- **The task**: Without the images, repeat every line of the listing verbatim.

#####

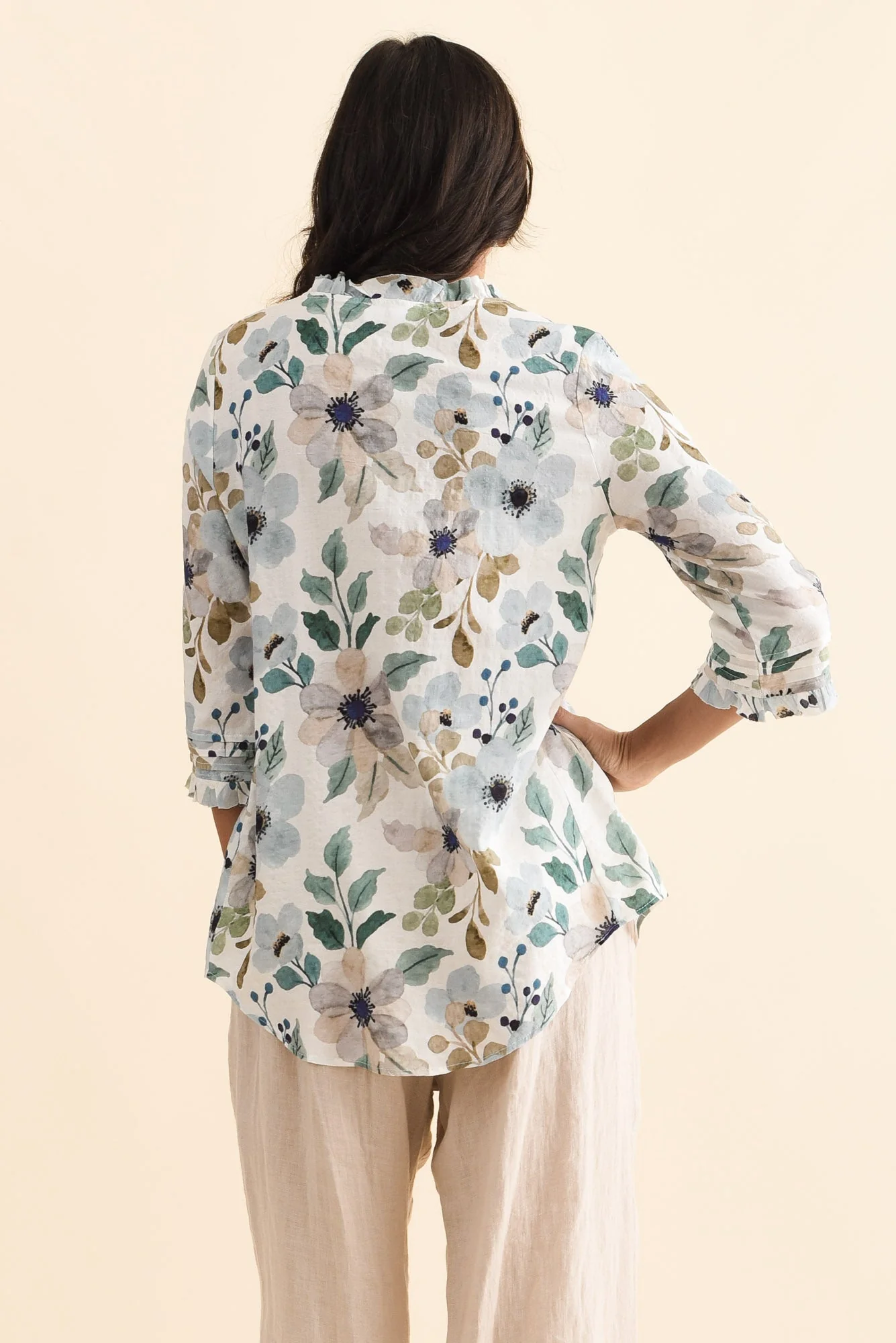 Angelo Blue Floral Cotton Button Top - Image 4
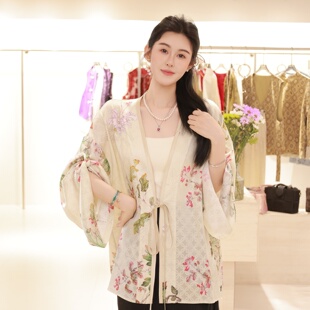 JINYU矜羽【花间序】 李德喜喷绘罗禅意新中式上衣褶衣女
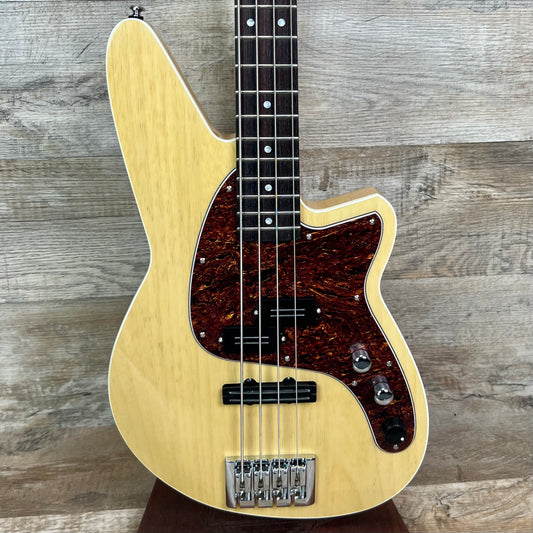 Front of Reverend Decision P Bass Natural.
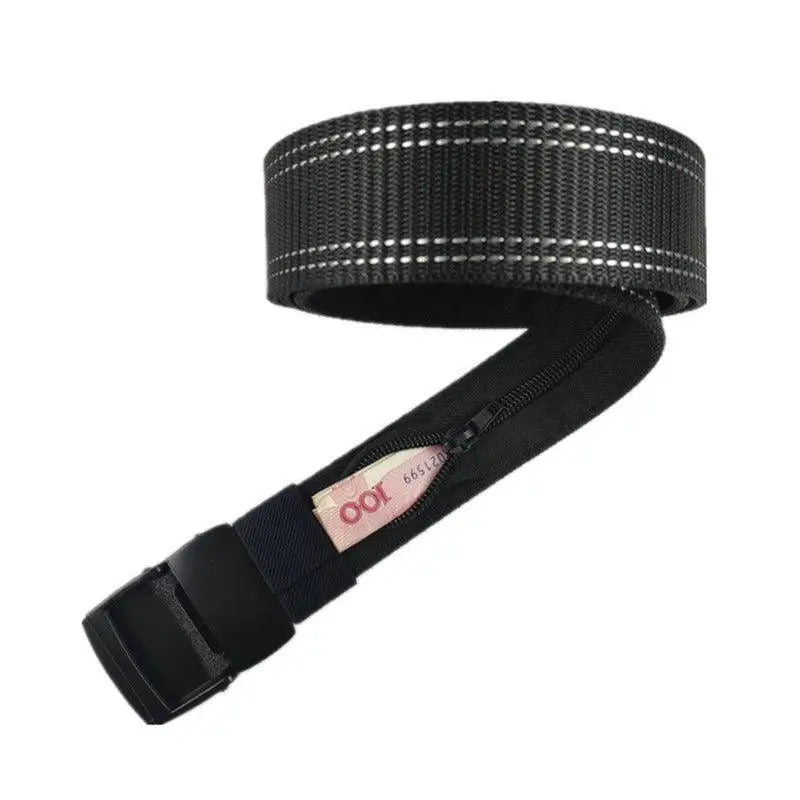 Erekle Nylon Belt with Hidden Zipper and Black White Stripes, stylish nylon belt accessory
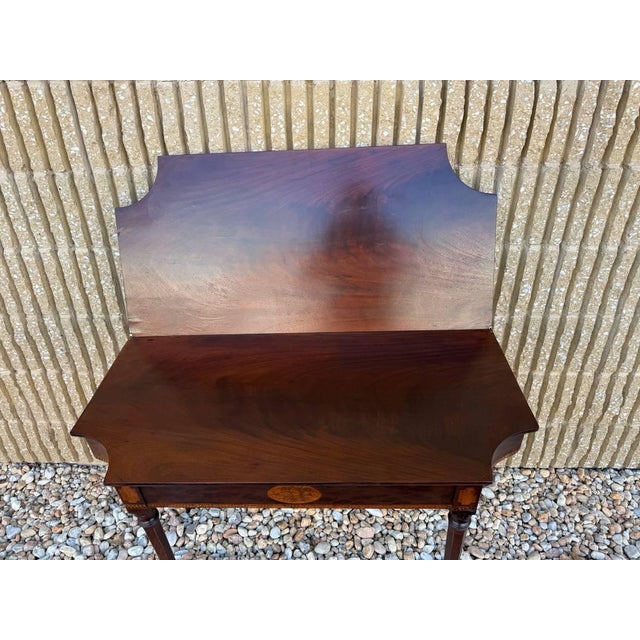 Antique Federal Sheraton Style Inlaid Flame Mahogany Folding Top Card or Gaming Table For Sale - Image 9 of 18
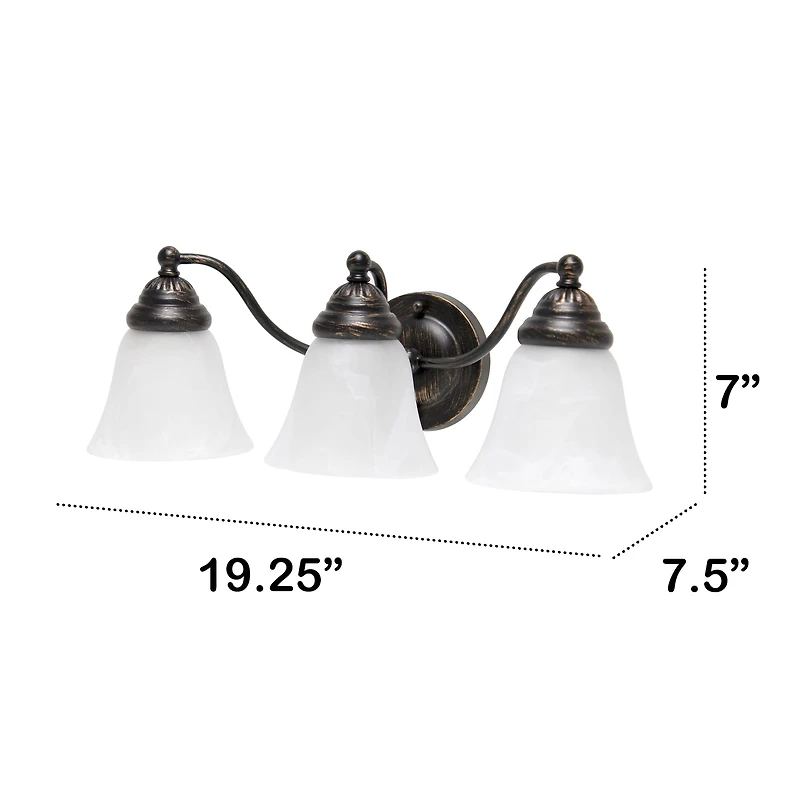 Lalia Home Essentix Oil Rubbed Bronze 3 Light Alabaster Vanity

#####

- **Written answer**:
 Angelo Blue Floral Cotton Button Top - Image 4
 JINYU矜羽【花间序】 李德喜喷绘罗禅意新中式上衣褶衣女
 Front of Reverend Decision P Bass Natural.
 Erekle Nylon Belt with Hidden Zipper and Black White Stripes, stylish nylon belt accessory
 Antique Federal Sheraton Style Inlaid Flame Mahogany Folding Top Card or Gaming Table For Sale - Image 9 of 18
 Lalia Home Essentix Oil Rubbed Bronze 3 Light Alabaster Vanity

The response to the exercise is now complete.